Image Source: Daily Galaxy link below |
I took the title from the Daily Galaxy's original post. It seemed apropos and succinct, but I am aware of the strong feelings it may generate.
Science strives mightily to fight "confirmation bias" : "the tendency to interpret new evidence as confirmation of one's existing beliefs or theories." The way scientists try to weed out minutiae is through peer review. Feelings are bruised, but truth is winnowed from social and preconceived chaff. Previous theories once held in high regard are thrown away. As new technology and instruments become available, this disciplined process is repeated. A scientific discovery may or may not confirm already preconceived notions. It's usually the latter. Such is not science, but the seeds of the boondoggle, pseudoscience and superstition; it is the natural tendency in an ever-changing world to reach for the comfortable instead of lighting "a candle in the dark" (Carl Sagan).
“There are more things in Heaven and Earth, Horatio, than are dreamt of in your philosophy.”
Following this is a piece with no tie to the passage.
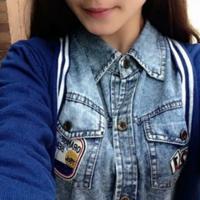 qq头像图片唯美男生拿枪_WWW.WHOISQQ.COM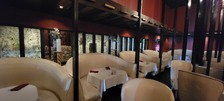 Enlarge photo 26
William Shakespeare, Hamlet
"I would rather have questions I can't answer, than answers I can't question."
Richard Feynman
In 2015, NASA's Hubble Space Telescope precisely measured the mass of the oldest known planet in our Milky Way galaxy. At an estimated age of 13 billion years, the planet is more than twice as old as Earth's 4.5 billion years. It's about as old as a planet can be. It formed around a young, sun-like star barely 1 billion years after our universe's birth in the Big Bang. The ancient planet has had a remarkable history because it resides in an unlikely, rough neighborhood. A few intrepid astronomers have concluded that the most productive to look for planets that can support life is around dim, dying stars white dwarfs.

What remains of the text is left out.